2. Finding a professional to talk to

It is important to seek the help of a mental health professional for anyone who goes through the changes and the emotions. A neutral party will help deal with all the feelings, as well as with gaining coping strategies and feeling supported during the unpleasant process.

Having someone that will listen and be there no matter what emotions are experienced, without passing judgment but with compassion and understanding is a good way to move through the grief. A professional can assist in resolving the negative feeling that typically accompanies a loss. Short-term professional counseling can be a big assistance throughout times of change.

3. Keeping a personal journal

This method can assist a person to express their feelings and thoughts. It is significant to the healing process, being able to share these feelings and thoughts freely without passing a judgment on it. Allowing the things present at the subconscious to be expressed in writing is a valuable process.
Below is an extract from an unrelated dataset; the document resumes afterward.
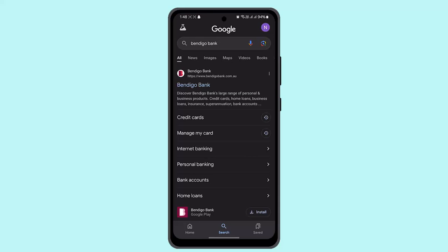Bendigo's Platinum Reward Credit Card also comes with platinum benefits including complimentary travel insurance, extended warranty insurance, and purchase protection insurance. Before enrolling, review the Bendigo Reward program's terms and conditions to understand how points are earned and redeemed.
Therefore they no longer 'hunt' or 'pollute' the mind! More so, writing things down assists with processing our feelings.

4. Paying attention to the SELF

Remembering to take care of the self and making it a PRIORITY! It can be as simple as addressing our needs, and listening to our emotions. Simply asking: what do I need now? What would make me feel better now?

The natural propensity is to forget addressing the self. BUT we have to do the opposite ... one of the building blocks of the healing process is to go 'against' the tendency of the mind and make ourselves a priority...

5. Patience

Simple as that! Learning to give the self (the mind, the emotions, the body) time to heal and to go through all it needs to experience, so it can move forward towards the recovery stage.

6. Affirmations

Making a list of 4-5 favorable affirmations everyday about the way a person wishes to feel. Examples: "my situation is temporary and it shall occur soon", "I feel a little better with every passing day", "I am prepared for healing”, “I know this shall pass too…”

7. Pursuing new activities

Getting involved in something that distracts the mind from the difficult time can give a person the sense of fulfillment and enjoyment. Getting involved in volunteering activities is a healthy way to deal with loss.  Helping others in need has scientifically been proven as a good way to distract one from one’s own pain. Research shows that the best way to get out of difficult times is through helping others.

8. Focusing on what feels good as much as possible

Study reveals that mind-calming exercise is one of the finest means to develop a healthy well being: psychologically, mentally and physically... A person in a positive state of mind will make decisions that will tend to serve the self better in the long run. Thus, striving to create a positive state of mind is an important element of healing the grieving experience that loss causes. Some techniques that are in spread use to help a person develop a positive state of mind are: meditation, spending time in nature, physical exercise, traveling or spending time with people we love. Basically anything that helps establish a more positive attitude throughout this time ... it might appear challenging at the beginning, however if a person can motivate themselves in the described direction, a routine will be formed!